## Aim of the exercise:
Print exactly the line that contains "Smart AI Care" along with every line beneath it to the end of the records below, and omit pictures.

## The input:
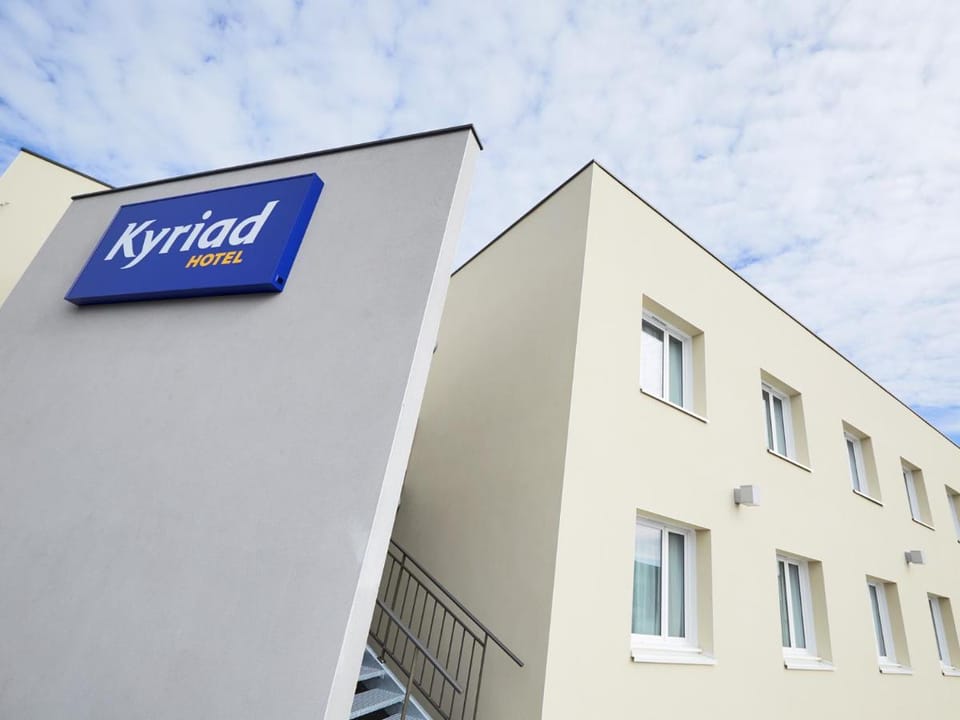 Kyriad Angers Ouest Beaucouzé Hotel in Angers
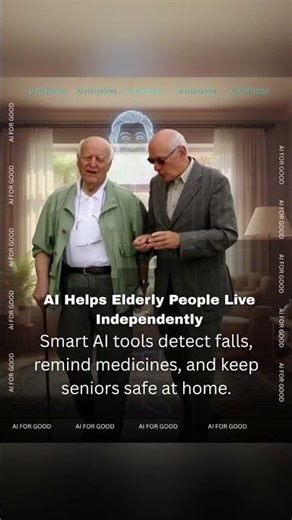Smart AI Care for the Elderly — A Life-Changing Innovation.
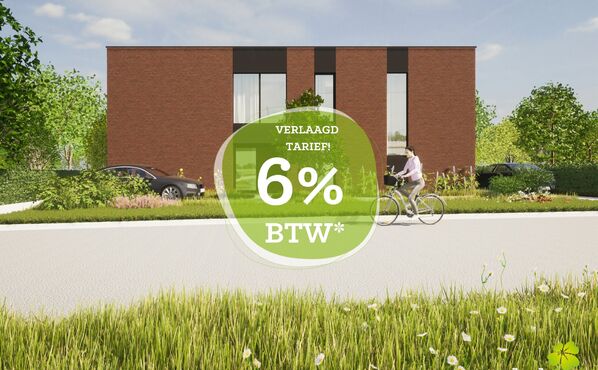 VERLAAGD BTW-TARIEF 6%*

Lot 1:
Met een ruim perceel van 5 are en een royale bewoonbare oppervlakte van 162m2 biedt deze woning voldoende ruimte voor uw gezin. Geniet van 3 comfortabele slaapkamers en een bureau ruimte, perfect voor werk of studie. De ope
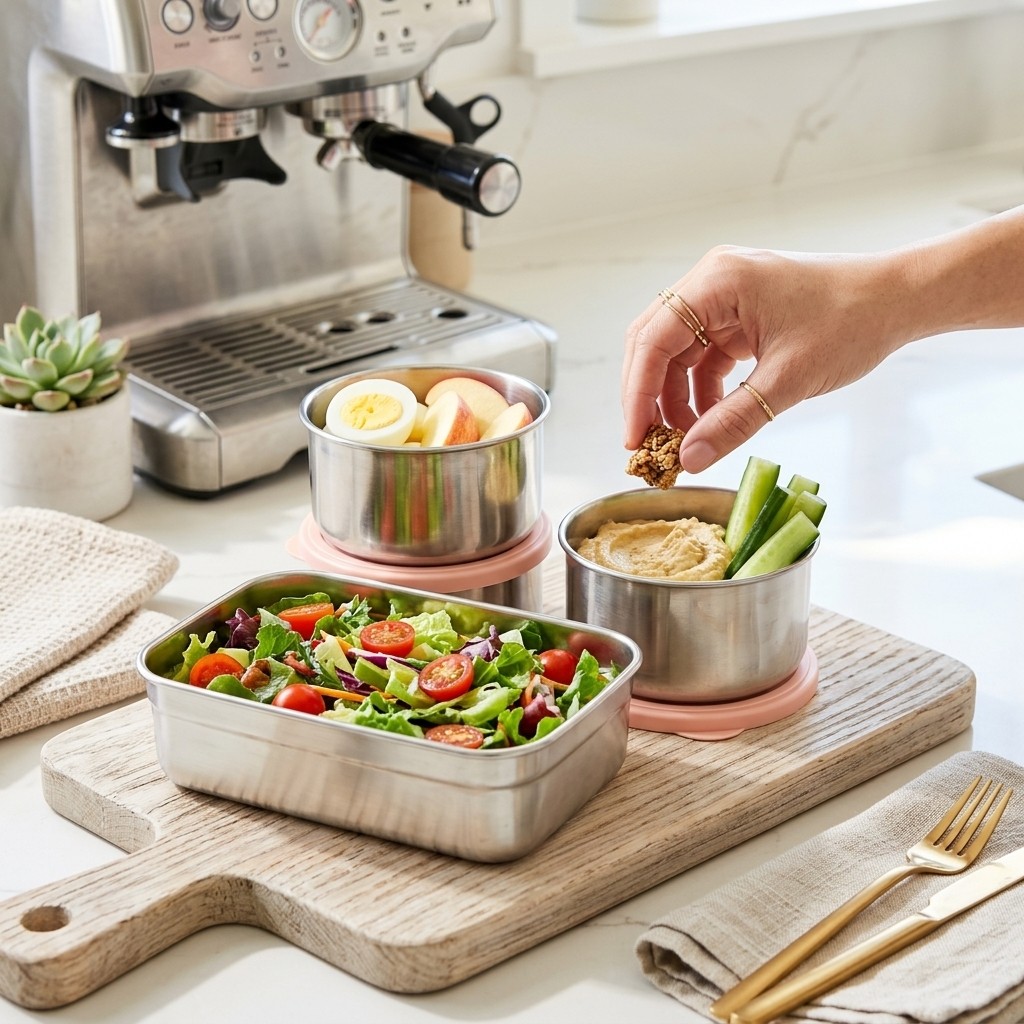 Mikrowellengeeignetes 304 Edel – Meal Prep Recipes Bewertung und Preis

## Your solution:
Smart AI Care for the Elderly — A Life-Changing Innovation.
 VERLAAGD BTW-TARIEF 6%*

Lot 1:
Met een ruim perceel van 5 are en een royale bewoonbare oppervlakte van 162m2 biedt deze woning voldoende ruimte voor uw gezin. Geniet van 3 comfortabele slaapkamers en een bureau ruimte, perfect voor werk of studie. De ope
 Mikrowellengeeignetes 304 Edel – Meal Prep Recipes Bewertung und Preis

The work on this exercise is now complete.